An Imaginary History of S/370 Hardware Design

Imaginary History of S/370 Hardware Design

Before we get started with POPs, let's take an imaginary journey through the evolution of the S/370 hardware design project. Our journey will not be true to actual events, but rather is intended to get you started thinking about the hardware from a designer's viewpoint.

Let's begin with some requirements for the S/370 CPU. It should support the following operations:

Mathematics
Logical
Memory movement
I/O
Branching

The CPU will execute programs that reside in memory. Despite what Bill Gates is famously reported to have said, 64KB (16 bits) isn't enough for anyone; we'll add another byte of memory addresses so our memory will range from X'000000' through X'FFFFFF' which are 24 bits.

Management assigns the software development team to provide the CPU specification, and after some time passes they deliver the following high level design.

Design One

Instructions are byte aligned

The first byte of each instruction is reserved for the operation code, allowing 256 different instructions

The CPU will treat X'00' as an invalid operation which will halt the CPU. This brings us down to a maximum of 255 valid instructions.

Instruction lengths are implied by the opcode

Instructions will be separated into several formats, and each format will consist of distinctly defined fields

The CPU has private internal registers and some private storage, such as might be required to establish a correspondence between instruction lengths and opcode

One of the CPU's private storage areas will be called the PSW (Program Status Word) which will contain the address of the next instruction to be executed. The PSW will be 24 bits in length.

I/O hardware will be addressed by a structured 3 byte field:

One byte designating the channel to perform the operation

Two bytes designating the device number attached to the channel

The ASCII character set does not appear to meet our needs, so we will specify a different character set which we will name EBCDIC for Extended Binary Coded Decimal Interchange Code.

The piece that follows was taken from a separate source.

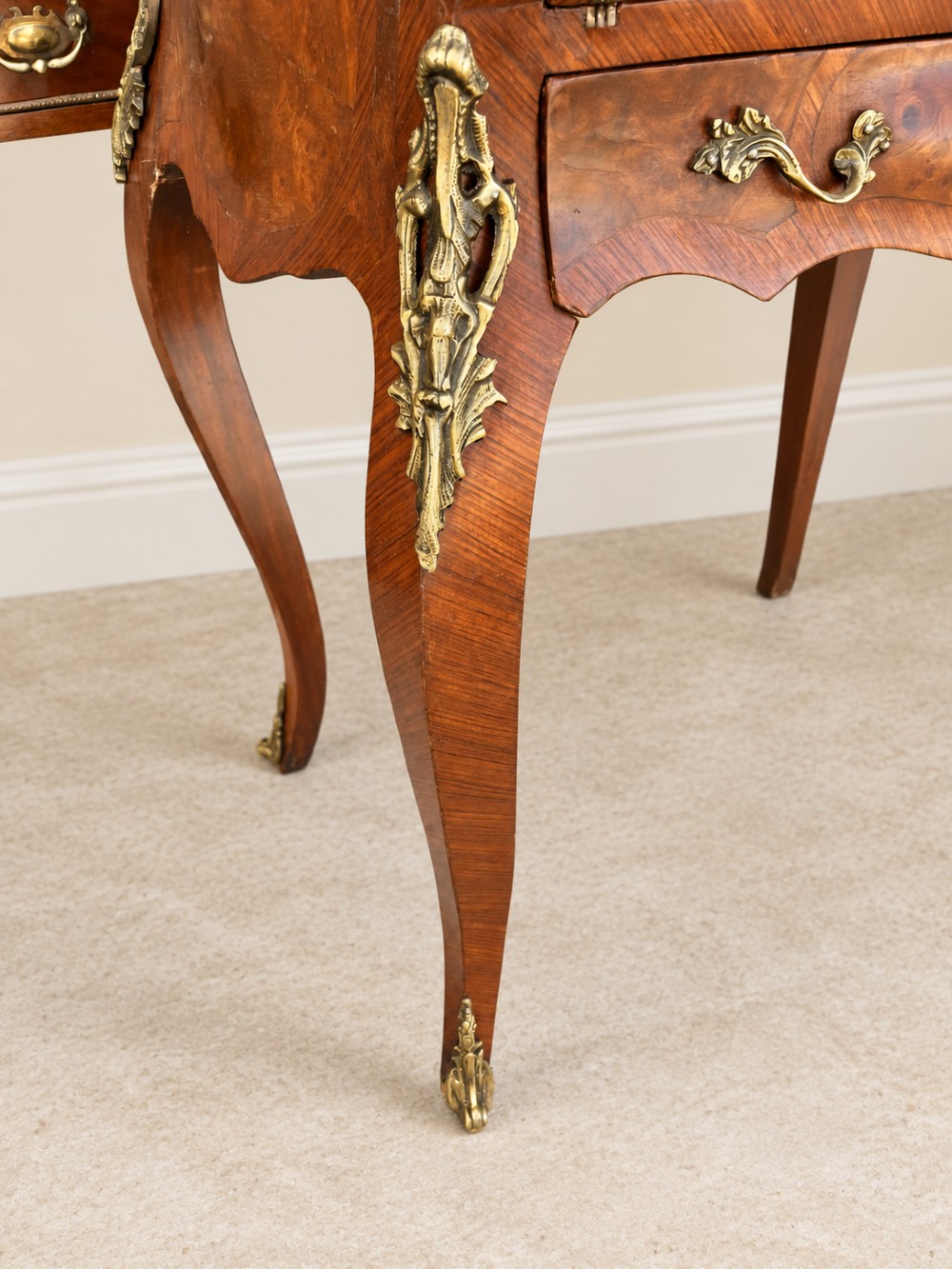 A 19th-century French Louis XV style walnut slant-front writing bureau featuring marquetry veneer, ornate gilt-bronze mounts, a brass pierced gallery, and long cabriole legs. View VI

The high order bit will indicate the character type: zero for control characters, one for non-control characters.

Numeric data will be encoded as binary format

The following instruction formats will be recognized by the CPU. The numbers beneath the fields show how many bits each field occupies.

Memory movement
Math
Logic OPCODE LENGTH ADDR1 ADDR2 8 24 24 24 10 bytes

I/O OPCODE CHANNEL DEVICE 8 8 16 4 bytes

Branch OPCODE FLAG ADDR 8 8 24 5 bytes

At this point, we notice we need some kind of 8-bit flag to control branching, so the PSW is extended from 24 bits to 32 bits.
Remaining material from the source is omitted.